» **Work order**:
Everything from the "12 Watt - LED" line to the final line of the listing should be written out exactly. Skip the pictures.

» **Data**:
***

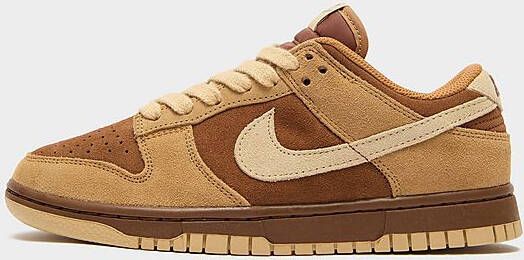 Nike Damesschoenen Dunk Low Flax Light British Tan Sesame- Dames Flax Light British Tan Sesame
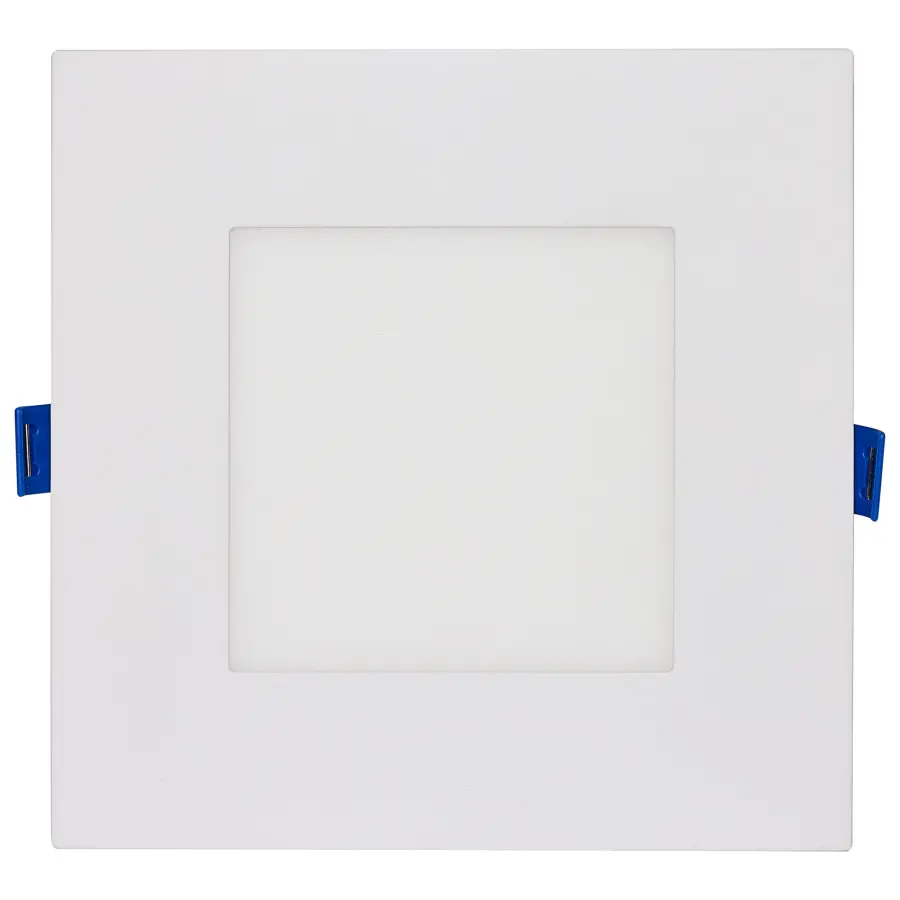 12 Watt - LED Direct Wire - Low Profile Downlight - 6 Inch Square - Starfish IOT - Tunable White and RGB - 120 Volt - 90 CRI - White Finish - Image 2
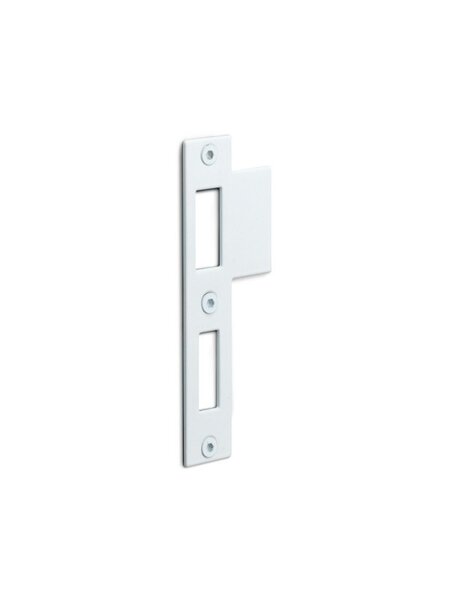 Formani Sluitplaat sleutel- cilinderslot 127x24 mm - Wit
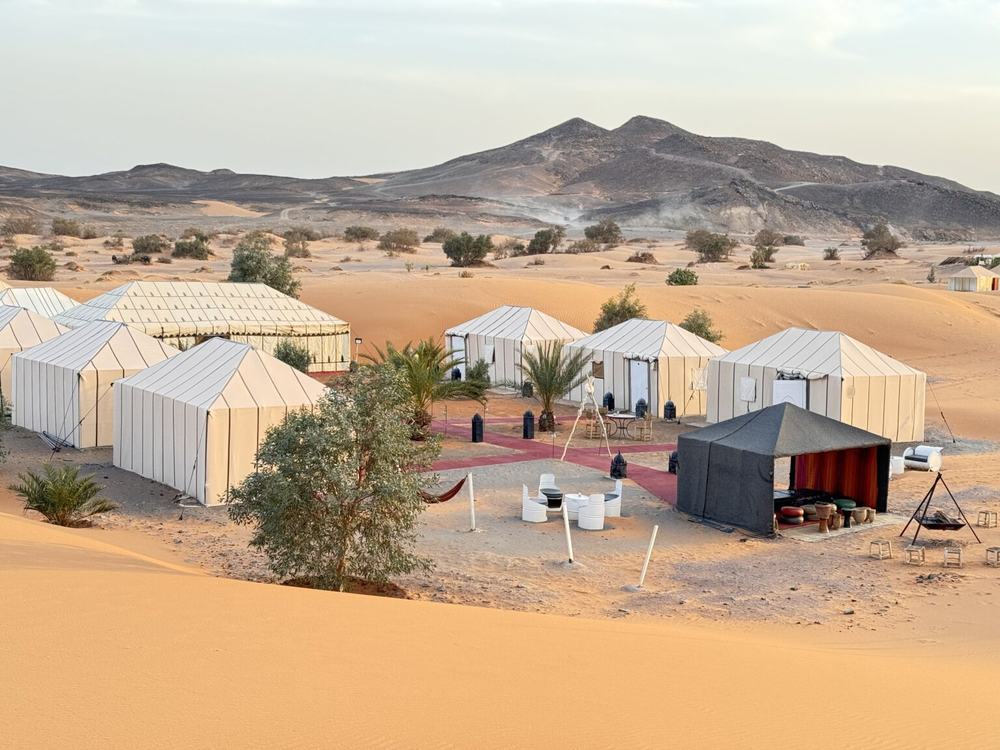 Das Camp in der Wüste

***

» **Task answer**:
 12 Watt - LED Direct Wire - Low Profile Downlight - 6 Inch Square - Starfish IOT - Tunable White and RGB - 120 Volt - 90 CRI - White Finish - Image 2
 Formani Sluitplaat sleutel- cilinderslot 127x24 mm - Wit
 Das Camp in der Wüste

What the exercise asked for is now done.